The raw data never has to leave your private environment. The small local model sees the unredacted text, decides what to mask, swaps in placeholders, and only the masked version goes outbound to the frontier model. This is sometimes called the proxy pattern. From the user's perspective the request looks like it went to OpenAI or Anthropic. In reality it went through a small filter on your side first, and what reached the frontier model was the safe version.

The order matters. Do as much as you can with the cheap deterministic layers, then escalate to dynamic rules, and only reach for AI judgment for what genuinely needs it.

PDFs and email attachments

Most of the documents an advisor handles every day, hotel confirmations, supplier invoices, visa documents, are text-based PDFs. The text inside them can be extracted with normal PDF parsing tools before AI is involved at all. Once it is text, the same redaction layers apply to it.

There is no good reason for a hotel confirmation PDF to be uploaded to OpenAI as raw content. A more responsible workflow extracts the text, masks the sensitive fields (guest name, passport number, address), and only then hands the masked text to the AI for whatever the actual task was, parsing the booking, populating the CRM, drafting a confirmation email.
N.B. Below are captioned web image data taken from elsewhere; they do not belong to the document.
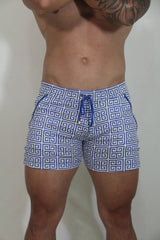 Designer print linen texture shorts featuring blue and white geometric patterned swim trunks with a matching drawstring waistband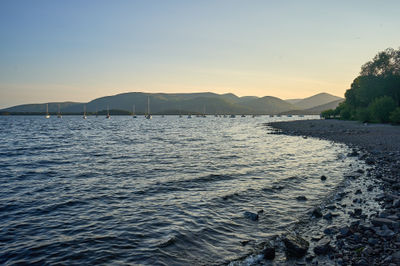 Loch Lomond - Discover the mesmerizing allure of coastal serenity as boats gracefully glide through the expansive waters, while adventurous souls embrace the thrill of rocky shores.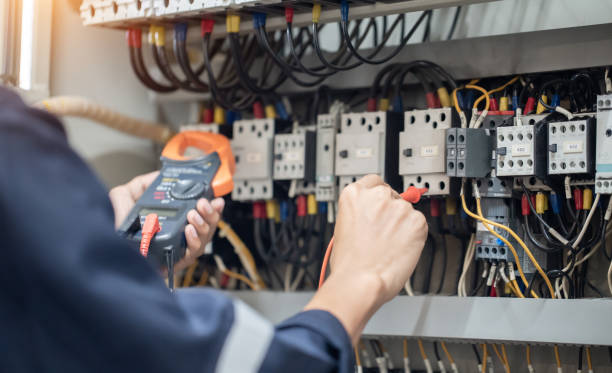 istock Electrician engineer work tester measuring voltage and current of power electric line in electical cabinet control , concept check the operation of the electrical system . 1387983397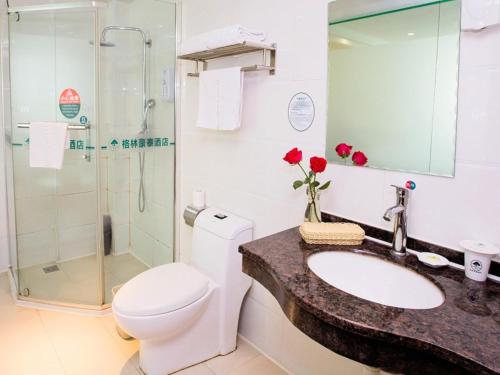 a bathroom with a toilet and a sink and a shower at GreenTree Inn Henan Zhengzhou West Changjang Road Business Hotel in Zhengzhou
The same logic applies to attachments emails. The body is already text, run attachments through the redaction layer first.

Images and screenshots

Images are where this gets meaningfully harder. The simplest approach is to use a private AI to extract the text out of the image, redact the text, send the cleaned text to the model. This works, but it strips out all other context in the image.
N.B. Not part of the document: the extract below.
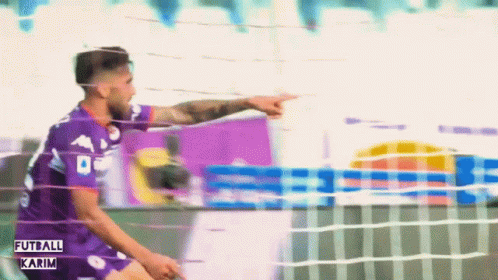 Soccer Player In Purple Jersey Number 9 GIF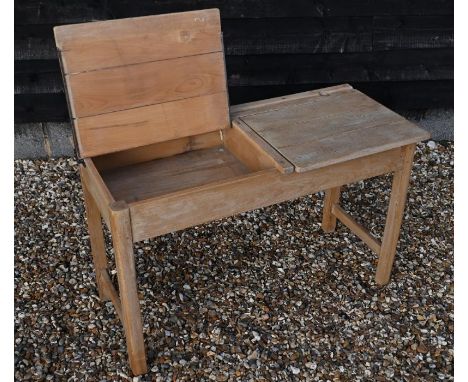 A vintage light oak double school desk with twin-hinged panelled top, 102 cm wide x 46 cm deep x 64 cm high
The pattern that holds up better is the bounding-box approach. Use a vision model to detect what regions of the image need redaction. Have a second step draw bounding boxes around those regions. Then black out those regions before the image goes anywhere else. The image is now safe to send onward, and you have preserved the layout that made it useful in the first place.

Ask your vendors

With a better understanding of where sensitive information comes from and how to categorize that information, you can ask your software providers how they protect that sensitive information if they are using AI. There are 3 questions to ask:

What data do you will the system have access to?
Where and how do you store that data?
What is your PII redaction strategy before data goes to AI models?

A quick word on your team

Telling your team "do not paste anything sensitive into ChatGPT" is not a real strategy. They will. Not because they are reckless, but because the alternative is doing the work the slow manual way while the rest of the world races ahead.

The only durable answer is giving them tools that handle the data responsibly by default, so the responsible path and the easy path are the same path. That moves the burden from "every employee has to remember the rules" to "the system enforces the rules without anyone thinking about it."